Dr Paul Bedford s’exprime sur la tendance à la musculation et sur l’évolution du marché.

Paul Bedford qui interviendra, en juin prochain, au 10e congrès fitness Challenges à Aix-en-Provence est le plus grand expert mondial en matière de fidélisation des membres des clubs de fitness. 

Son expertise unique permet aux exploitants de clubs d’analyser leurs propres données, d’identifier les principaux indicateurs de sous-performance et de développer une stratégie de fidélisation durable. 

Comment évaluez-vous l’état actuel du marché ?

En général, il est plutôt bon. Il y a des problèmes dans certaines entreprises, mais c’est plus lié aux modèles et aux pratiques commerciales qu’au secteur dans son ensemble. Il est certain que les gens reviennent dans les clubs, mais ils les utilisent différemment et, dans certains cas, dans des clubs différents.

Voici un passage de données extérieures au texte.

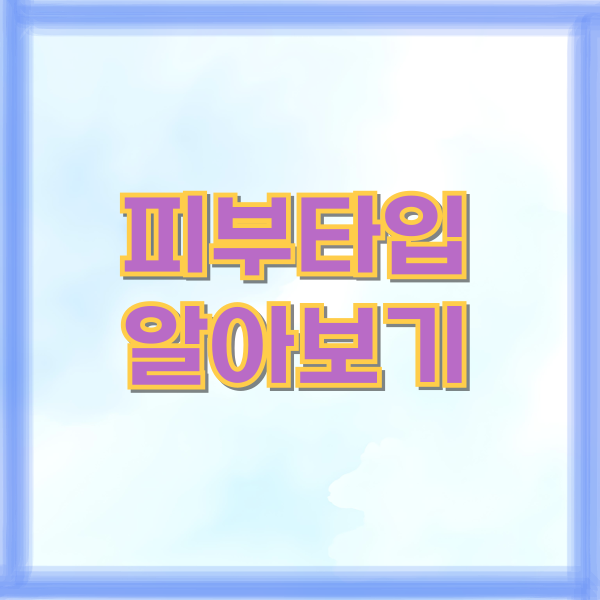 피부타입 알아보기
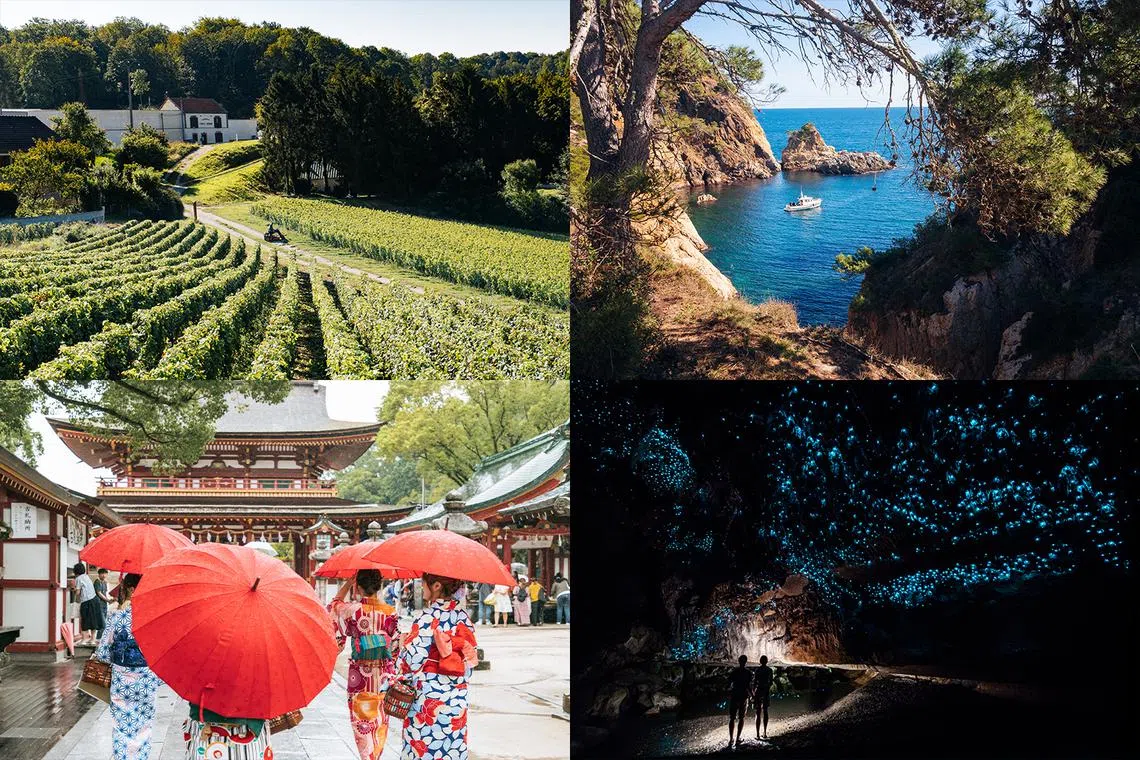 detour-destinations-reims-girona-waitomo-fukuoka 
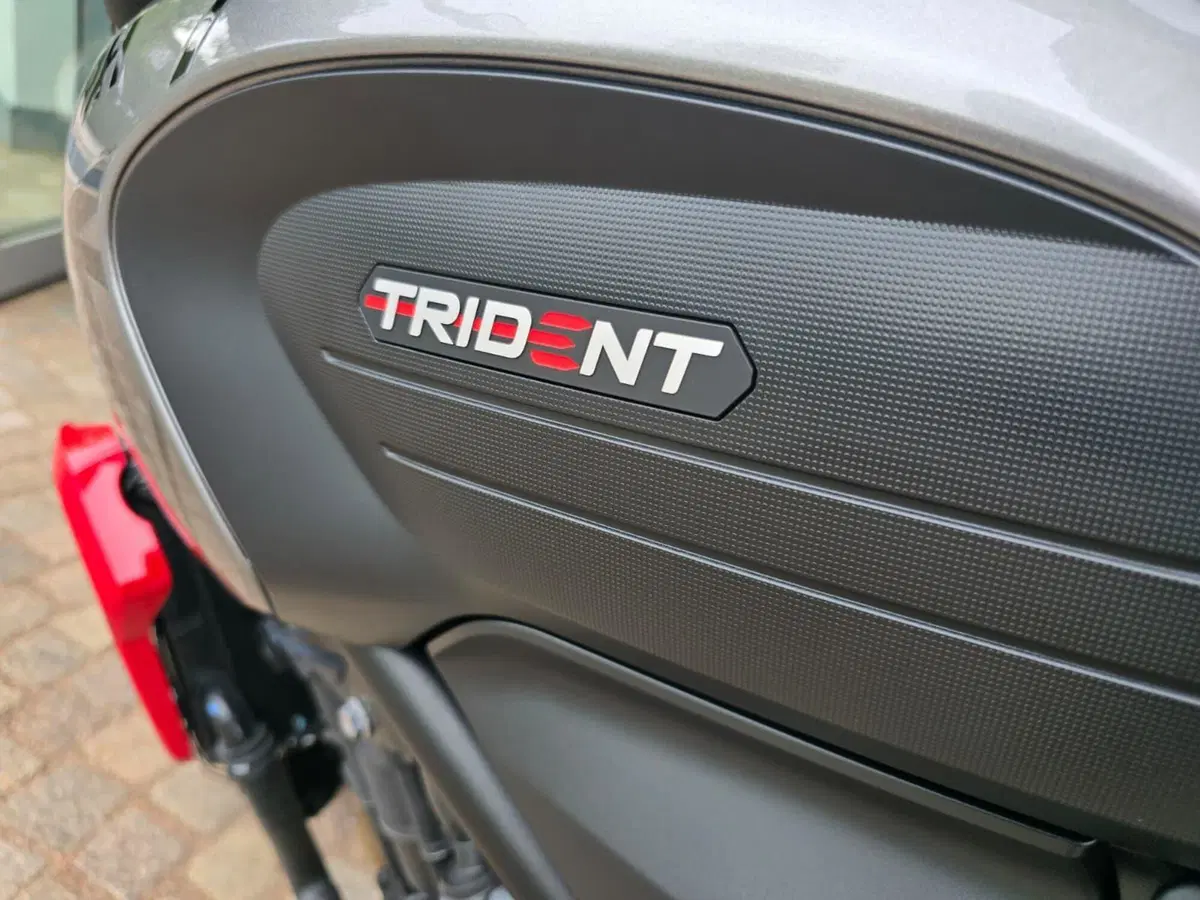 Triumph Trident 660 (2021 - 24) (5)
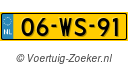 06WS91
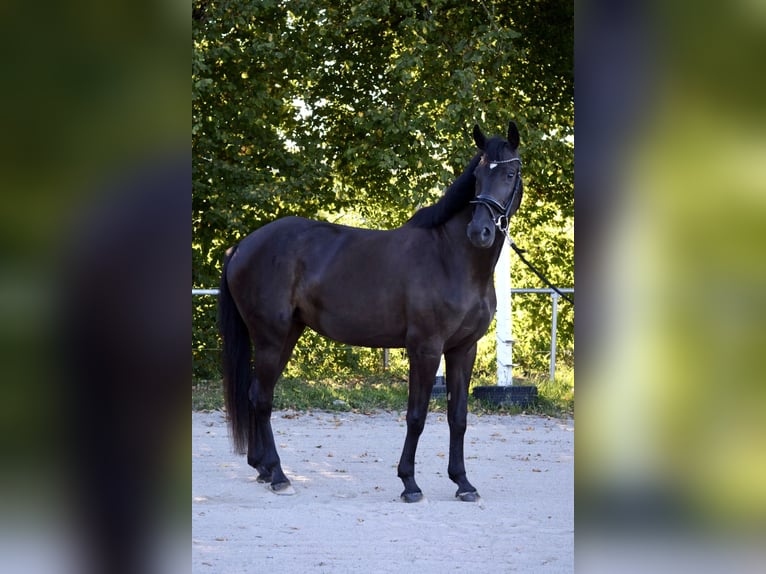 German Sport Horse Mare 7 years 16.3 hh Smoky-Black in Wangen im Allgäu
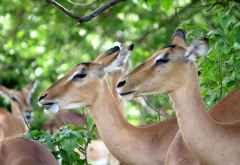 Impalas im Chobe Nationalpark  &copy; Foto: S.Schlesinger| Outback Africa
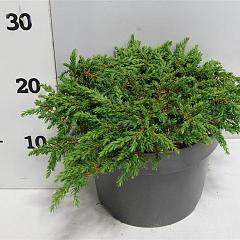 Juniperus comm. 'Green Carpet'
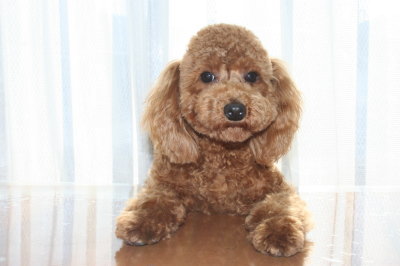 トイプードルレッドの子犬オス、生後8ヶ月画像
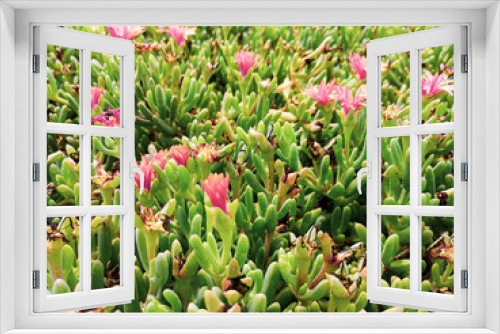 Fototapeta Naklejka Na Ścianę Okno 3D - Pink blossoms on a succulent plant. Tender petals, green juicy leaves, exotic flora in Sal Rei - African island. Selective focus on the details, blurred background.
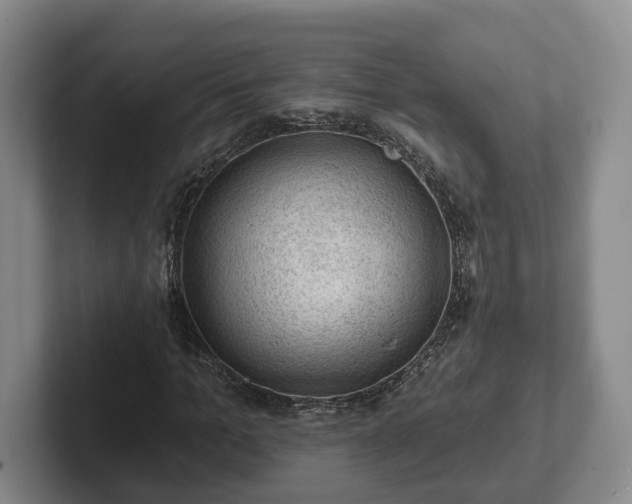 X0000102460965200808151404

D’une manière générale, les exploitants de centres de remise en forme ont aujourd’hui une part d’un client, au lieu d’être propriétaires de l’ensemble de son expérience de remise en forme. Les gens fréquentent plusieurs établissements, font parfois ce qu’ils veulent à la maison, puis complètent cela par des visites ponctuelles dans des boutiques. Cela ouvre des opportunités pour les agrégateurs.

Le mardi au jeudi étant la nouvelle semaine de travail, les gens investissent davantage dans les clubs de banlieue (souvent avec leur famille) ou adoptent une approche de paiement au fur et à mesure dans les clubs urbains et sont prêts à payer une prime pour la rareté – comme beaucoup d’entre nous le font avec les voyages – en payant des tarifs ad hoc au lieu d’acheter des billets d’abonnement.

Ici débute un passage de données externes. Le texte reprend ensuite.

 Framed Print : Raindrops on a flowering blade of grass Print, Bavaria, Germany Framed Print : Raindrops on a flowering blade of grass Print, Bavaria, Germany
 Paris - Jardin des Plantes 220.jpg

Quel est l’impact de cette situation sur la durée de l’adhésion ?

Il varie considérablement selon les lieux. Nous avons récemment travaillé avec un opérateur qui a constaté que la durée moyenne d’adhésion était restée stable dans un tiers de ses clubs, qu’elle avait augmenté d’un mois ou deux dans un tiers et qu’elle avait diminué de sept à dix mois dans un autre tiers. Il s’agit là d’un écart considérable au sein d’une même enseigne, ce qui souligne l’importance de disposer d’un portefeuille solide en termes d’emplacements.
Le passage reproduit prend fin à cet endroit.